The will of the people has clearly been shown. We'll show by our thoughts and our words and our deeds That unity is just what our country now  needs.
Let's all get together. Let bitterness pass.
I'll hug your elephant.
You kiss my ass.

—John Ronciak

It is Time to Heal

I'm sure of it. November 3rd will not solve any of our problems.

In fact, it will just make it worse. I mean, whatever the outcome, whoever wins, there will be 1/2 the American public upset, angry and fearful.

Yeah, fearful. Today I was talking to a close friend who just happens to be on the other side of the fence… politically speaking. He said that he didn't put up any political signs in front of his house for fear that the liberals would attack him and his house.

"That's really funny," I said. "I felt the same fear about the conservatives."

No matter how we got here, it is clear-- both sides fear the other. Where does this fear of our neighbors come from? The Unknown. We don't know our neighbors, we don't understand them. In this election, we have initiatives designed by some neighbors to hurt other neighbors. How is this possible? Clearly, the initiative-making neighbors are fearful of the others and want to get a jump on the attack they must feel is coming.

One of the political pamphlets I got in the mail stated that if we don't ban gay marriage, homosexuality would be taught in our schools. Granted, I couldn't quite connect those dots, but it shows to me that these neighbors are scared. They are so scared of them that they want to hurt them. Fear, anger, and hatred breeds more fear, anger and hatred.

But discussing the initiatives is not what I want to bother with now. I want to discuss how to heal. For that's what time it is. It is time to heal.

Politics is just our organized way of living together. The house rules, so to speak. And while we all agree to flush the toilet when we are done, what time we eat is up to us to decide. The problems before us are the most difficult. If they weren't difficult, we would have solved them years ago. But the only way we are going to work through them (call it marriage counseling for the nation) is to get to know each other. This includes their views, their ideology, their perspective.

Perhaps, continuing with my earlier example, neighbors scared of their gay neighbors should have them over and get to know them. Perhaps, the gay neighbors should go to church so that the members that fear them could see what nice neighbors they are. I know, I know, few gays would feel welcome in church, but I think you get the idea… in order to heal ourselves, we have to get to know ourselves.

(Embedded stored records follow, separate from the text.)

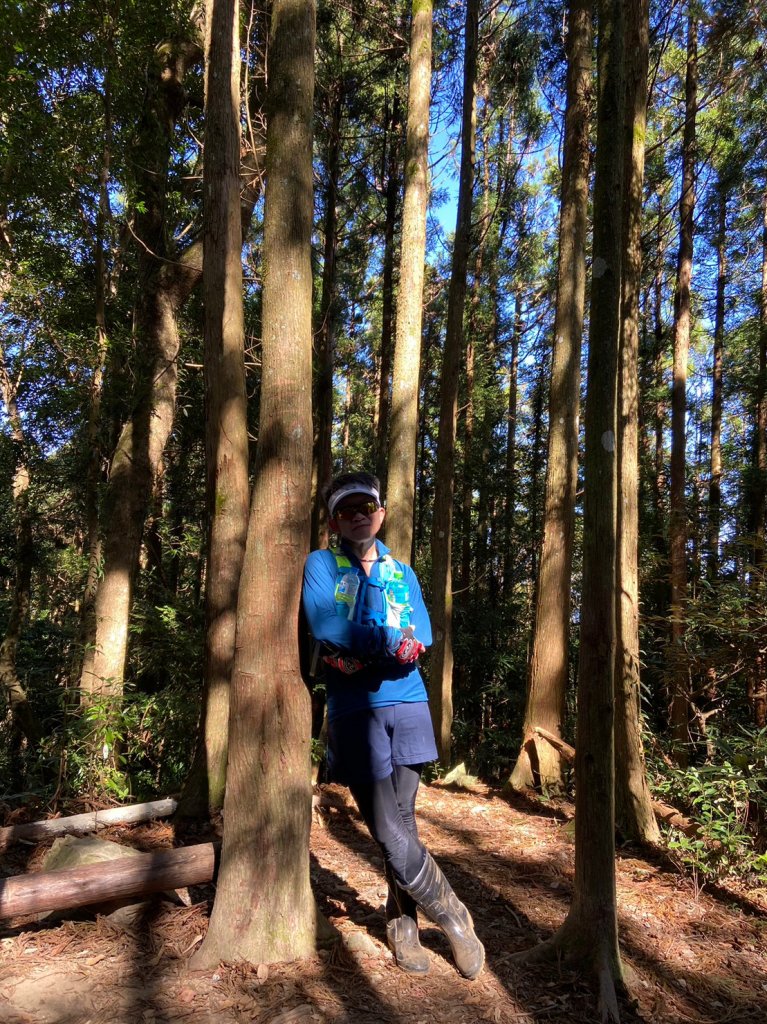 高島縱走_1921533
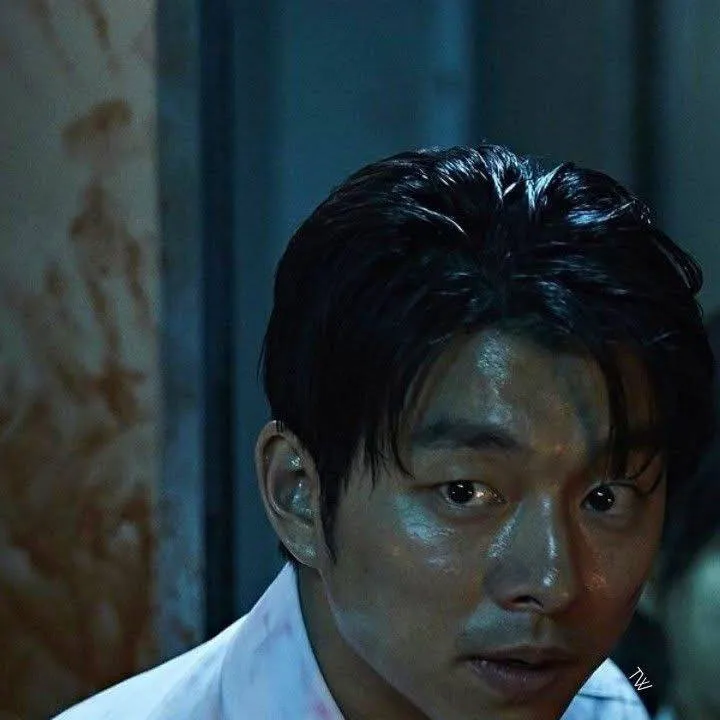 chat with ai character: seok-woo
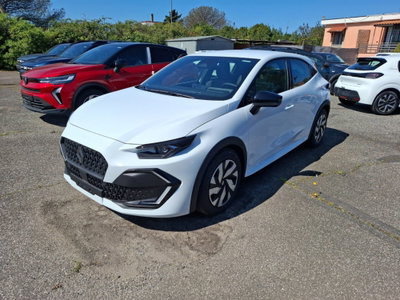 Renault Clio 1.8 full hybrid Evolution 160cv auto nuova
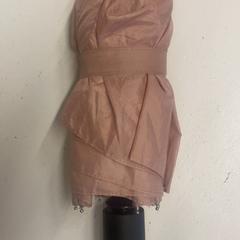 Paraplu, zoals gemeld door HTM met iLost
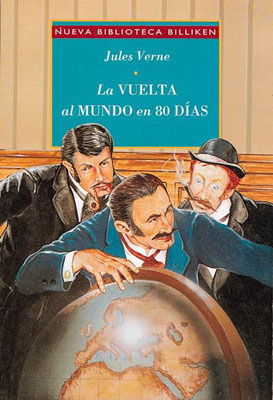 La vuelta al mundo en 80 das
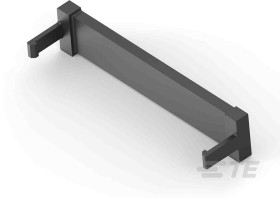 Akcesorium do złącza D-sub Reduktor naprężeń do Złącze D-Sub TE Connectivity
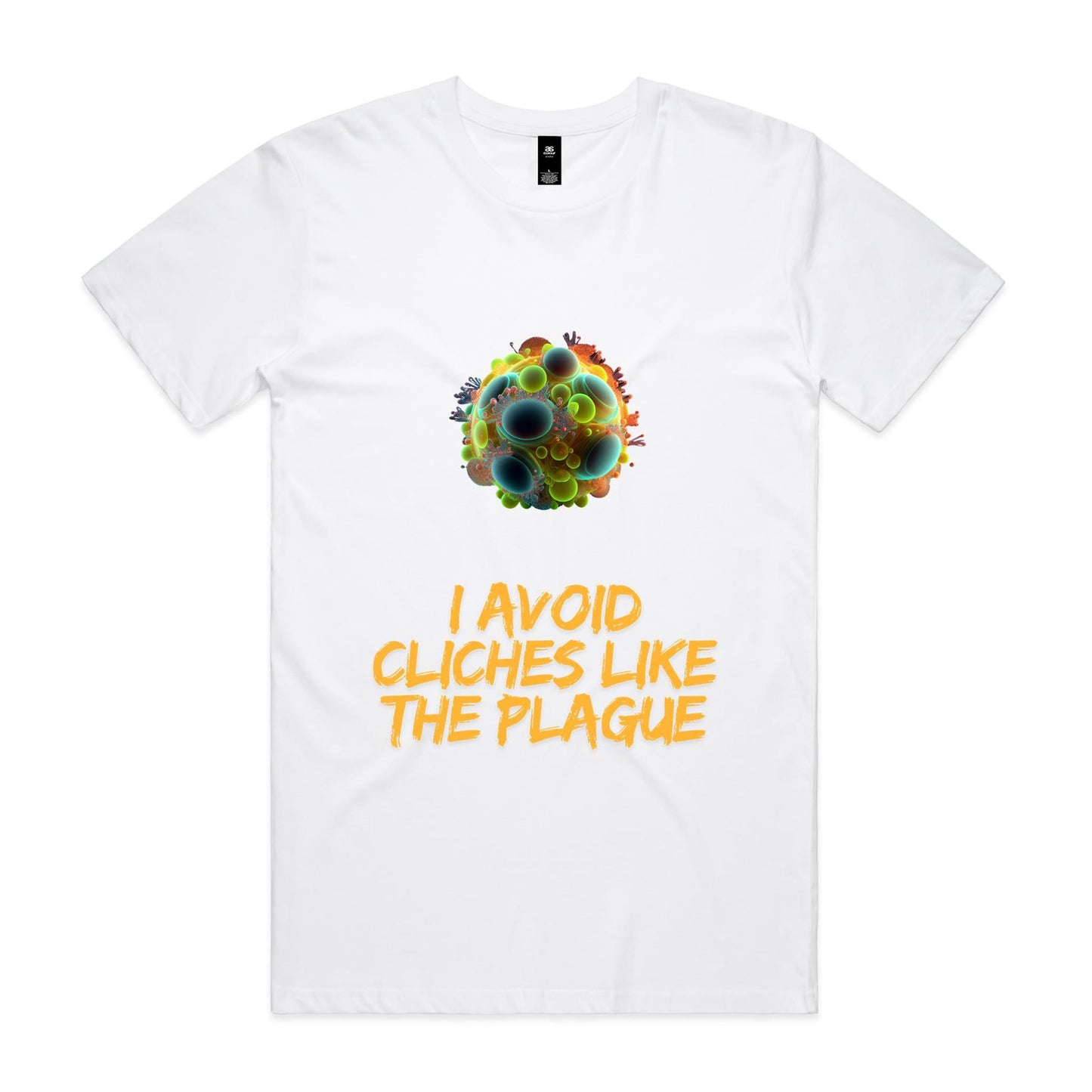 Avoid Cliches
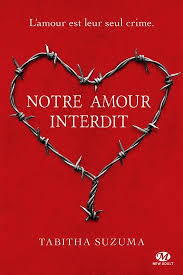 Notre amour interdit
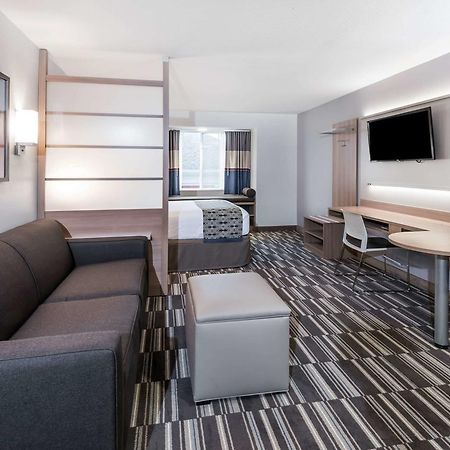 Microtel Inn & Suites By Wyndham - Penn Yan Kültér fotó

So you've picked your initiative, your ideology, your political slant, and now it is time to get to know the neighbors on the other side of that fence. We aren't that different. We all seem to have similar goals, but we have different ideas on the route to get there. And let's face, none of us know. We're all in the same fog. So let's hold hands and try to figure our way out by talking. By understanding.

And a bit of tolerance is a great place to start.